De autoria do deputado bolsonarista Domingos Sávio (PL-MG), a PEC altera o artigo 49 da atual Constituição para permitir ao Congresso, mediante maioria de três quintos nas duas Casas, “sustar decisão do Supremo Tribunal Federal que tenha transitado em julgado e que extrapole os limites constitucionais”.

Que limites seriam esses? O que o Congresso, ao seu gosto, julgue que são. Dito de outra maneira: a cada vez que os interesses de deputados e senadores fossem contrariados. Mas a última palavra sobre a aplicação de leis não cabe ao Supremo? Hoje, sim. Mas passaria a caber ao Congresso se a PEC for aprovada. Que tal?

A Constituição do Estado Novo estabelecia a possibilidade de o presidente da República submeter decisões do Supremo que não lhe agradassem a um Congresso sob seu controle, e elas poderiam ser derrubadas por maioria de dois terços. Assim acreditava legalizar os atos arbitrários do Poder Executivo.

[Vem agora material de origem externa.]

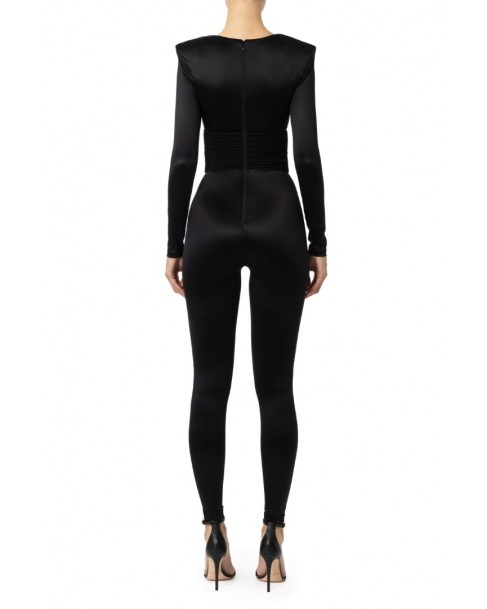 Ολόσωμη φόρμα Elisabetta Franchi Μαύρη TU01946E2-110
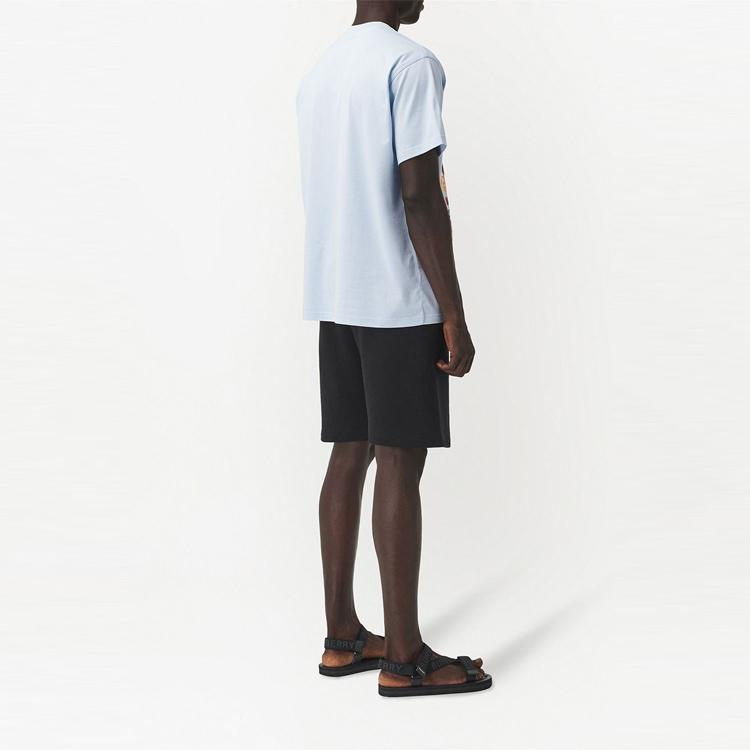 Burberry T Shirt Unisex Light Blue 80374681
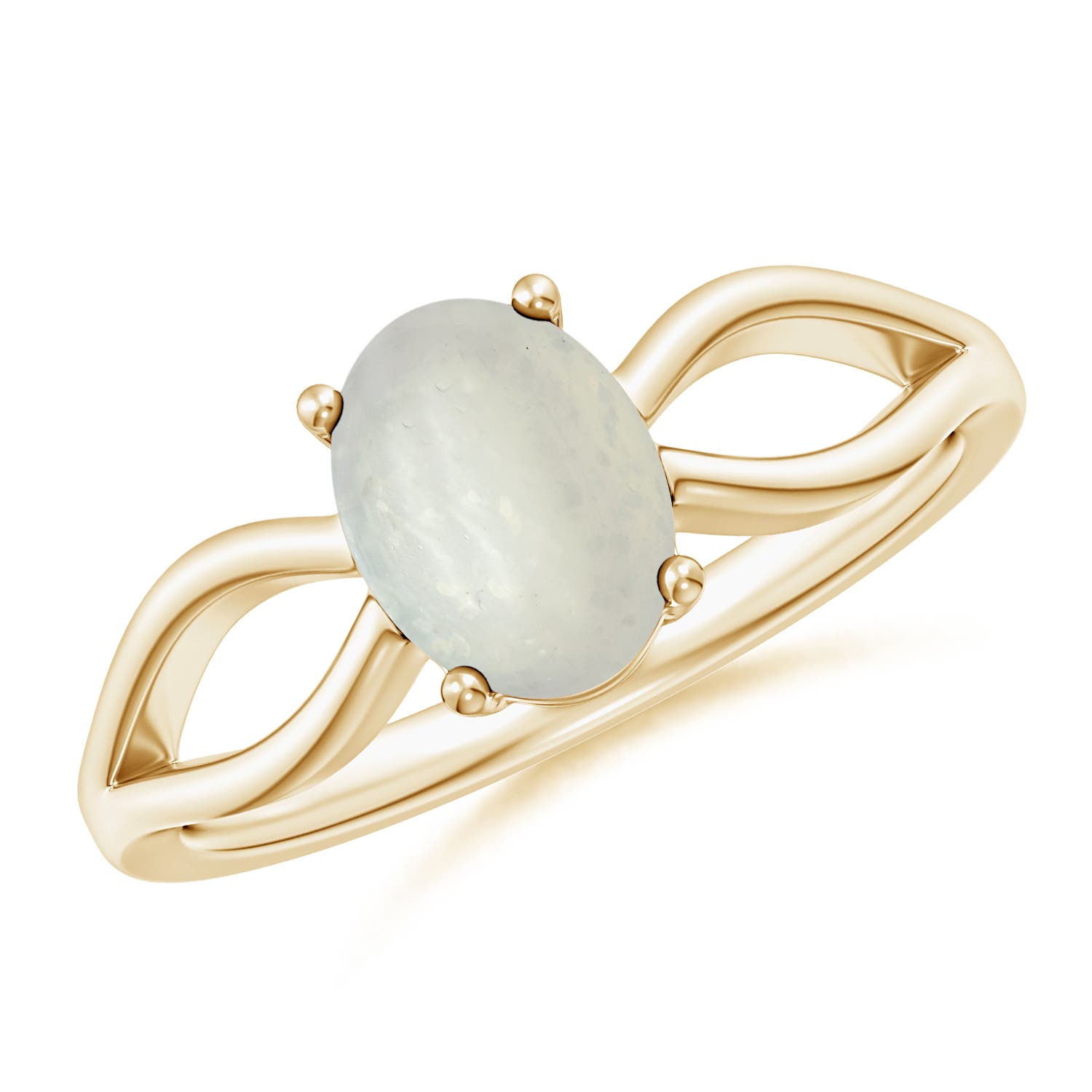 A - Moonstone / 1.1 CT / 14 KT Yellow Gold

Ao Supremo, e somente a ele, segundo a Constituição promulgada em outubro de 1988, compete o dever de interpretar a constitucionalidade das leis e de decisões da Justiça. Assim como o Judiciário não pode criar leis, o Legislativo não pode aplicar as leis que cria a casos concretos. A cada Poder, o seu papel.

A PEC de Sávio conta com o apoio de 174 parlamentares. O gatilho que a disparou foi a insatisfação de parte do Congresso com a decisão do Supremo que rejeitou o marco temporal da demarcação das terras indígenas, e a discussão que ali se trava em torno do aborto e da descriminalização do porte de drogas para uso pessoal.

Para que seja aprovada e passe a valer, a PEC inspirada na Constituição da ditadura de Vargas precisa atrair na Câmara o voto de 308 deputados de um total de 513, e no Senado de 49 de um total de 81 senadores. É possível que atraia? Possível, é, porque este é o Congresso mais conservador desde o fim da ditadura.

Mas não é provável que atraia. De resto, o Supremo poderá julgar que a PEC é inconstitucional. Foi o que correu a declarar, com a suposta anuência dos seus antigos pares, o ministro aposentado do Supremo Celso de Mello:

“A PEC 50/2023, ao atribuir ao Congresso Nacional o poder de superação legislativa dos julgamentos realizados pelo Supremo Tribunal Federal, além de incidir em grave retrocesso histórico, por reproduzir o espírito autocrático que inspirou medida ditatorial semelhante imposta pela Carta Política do Estado Novo de Getúlio Vargas (art. 96, parágrafo único), subverte o dogma da separação de poderes, eis que converte o Poder Legislativo em anômala (e inadmissível) instância de revisão das decisões ‘transitadas em julgado’ proferidas pelo STF.”